Studio album by Paul Heaton and Jacqui Abbott
- Released: 21 July 2017
- Studio: The Chairworks, Castleford
- Genre: Alternative; indie rock;
- Length: 46:30 (standard edition) 71:52 (deluxe edition)
- Label: Virgin EMI;
- Producer: John Owen Williams

Paul Heaton chronology
| Wisdom, Laughter and Lines (2015) | Crooked Calypso (2017) | The Last King of Pop (2018) |

Jacqui Abbott chronology
| Wisdom, Laughter and Lines (2015) | Crooked Calypso (2017) | Manchester Calling (2020) |

Singles from Crooked Calypso
- "I Gotta Praise" Released: 16 June 2017; "She Got the Garden" Released: 25 August 2017;

= Crooked Calypso =

Crooked Calypso is the third studio album by Paul Heaton and Jacqui Abbott, both formerly members of the Beautiful South. The album was released in the UK on 21 July 2017 by Virgin EMI.

When writing the lyrics for the album, Heaton again retreated to the Netherlands, while the music was written in Gran Canaria together with guitarist Jonny Lexus. The photography for the album was by Sean Welch, the bassist for The Beautiful South.
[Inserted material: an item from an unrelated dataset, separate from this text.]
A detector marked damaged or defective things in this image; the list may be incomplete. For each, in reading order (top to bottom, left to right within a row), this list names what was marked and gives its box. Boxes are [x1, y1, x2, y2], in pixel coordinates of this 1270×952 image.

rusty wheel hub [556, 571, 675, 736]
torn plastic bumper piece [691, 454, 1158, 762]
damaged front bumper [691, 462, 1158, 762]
A deluxe edition was also available upon the album's release, which included a DVD of a live performance recorded at Scarborough Open Air Theatre on 5 August 2016.

==Reception==

Crooked Calypso attracted mainly positive reviews upon release. Writing for The Guardian, Rachel Aroesti comments how Heaton delivers "observations about British society's ironies and inequalities" with "gusto, his droll lyricism drilling into subject matter from obesity... and the cavernous divide between rich and poor... over a backing of the kind of jaunty pop that can take in folk, disco and blues without ever breaking its buoyant stride."
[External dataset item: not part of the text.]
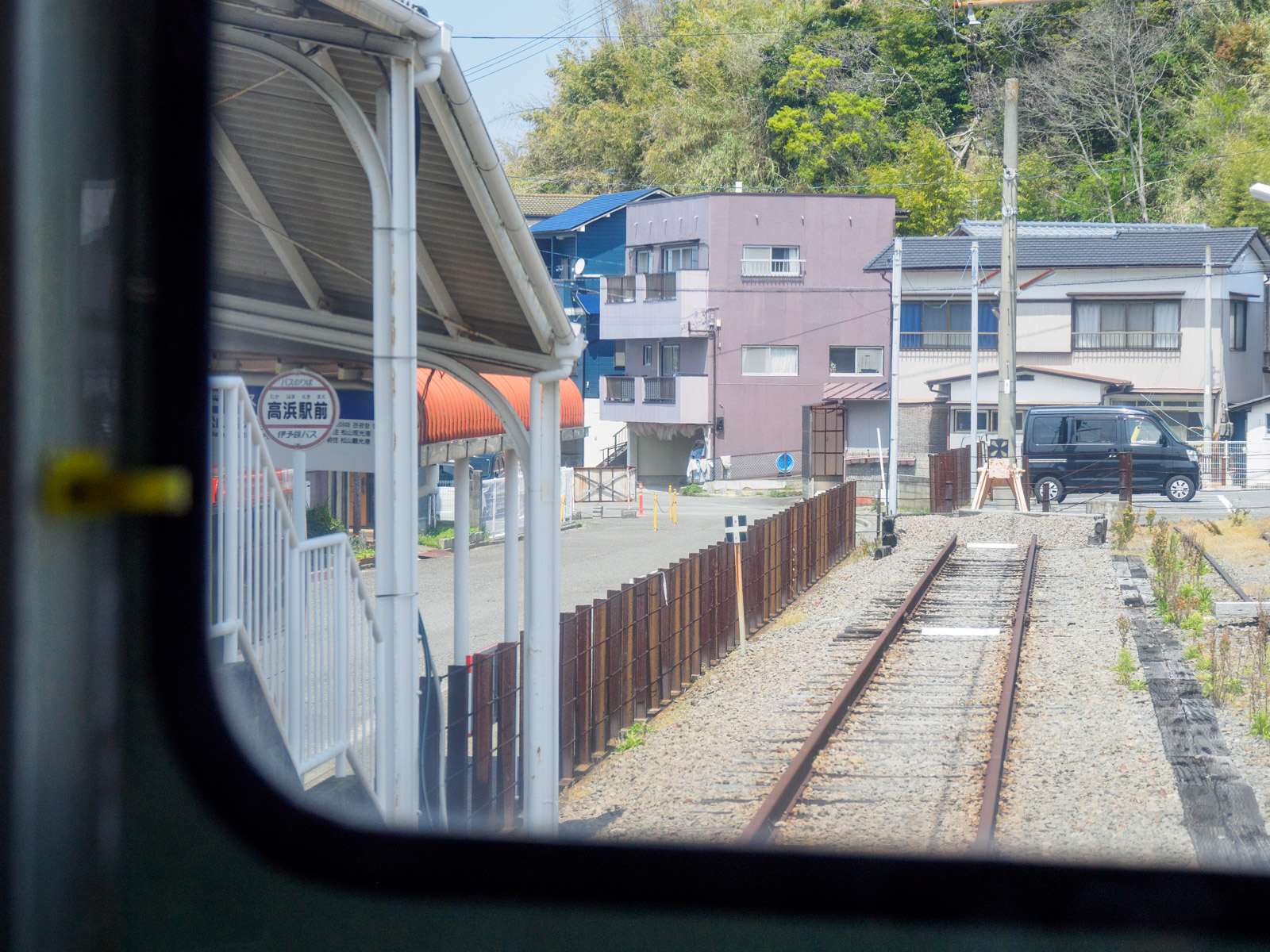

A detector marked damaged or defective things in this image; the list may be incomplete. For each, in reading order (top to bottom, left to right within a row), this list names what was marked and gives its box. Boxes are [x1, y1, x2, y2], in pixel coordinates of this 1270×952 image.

rusty track barrier [562, 479, 857, 784]
rusty track barrier [733, 536, 952, 850]
rusty track barrier [978, 536, 1035, 857]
In a review for AllMusic, Timothy Monger wrote, "There's something refreshingly organic about their big productions, which layer strings and horns over a whip-tight rock combo that sways nimbly between Motown, R&B, and old-fashioned rock & roll within the breadth of just a few notes."

Professional ratings
Review scores
| Source | Rating |
| AllMusic |  |
| The Guardian |  |

==Track listing==

Crooked Calypso track listing
| No. | Title | Length |
|---|---|---|
| 1. | "I Gotta Praise" | 2:37 |
| 2. | "He Wants To" | 3:48 |
| 3. | "If I May" | 4:03 |
| 4. | "She Got the Garden" | 3:20 |
| 5. | "People Like Us" | 4:43 |
| 6. | "Blackwater Banks" | 3:53 |
| 7. | "The Lord Is a White Con" | 4:20 |
| 8. | "Silence Is" | 4:00 |
| 9. | "Love Makes You Happy" | 4:22 |
| 10. | "The Fat Man" | 3:46 |
| 11. | "Your Bit of Stuff" | 2:46 |
| 12. | "He Can't Marry Her" | 4:52 |

Crooked Calypso – Deluxe edition (bonus tracks)
| No. | Title | Length |
|---|---|---|
| 13. | "Market Street" | 9:09 |
| 14. | "Since My Dearest Husband" | 4:25 |
| 15. | "The Future Mrs Heaton" | 6:37 |
| 16. | "The Dice" | 5:16 |

==Charts==

Chart performance for Crooked Calypso
| Chart (2017) | Peak position |
|---|---|
| Irish Albums (IRMA) | 10 |
| Scottish Albums (OCC) | 1 |
| UK Albums (OCC) | 2 |

==Certifications==

Certification for Crooked Calypso
| Region | Certification | Certified units/sales |
| United Kingdom (BPI) | Silver | 60,000^{‡} |
^{‡} Sales+streaming figures based on certification alone.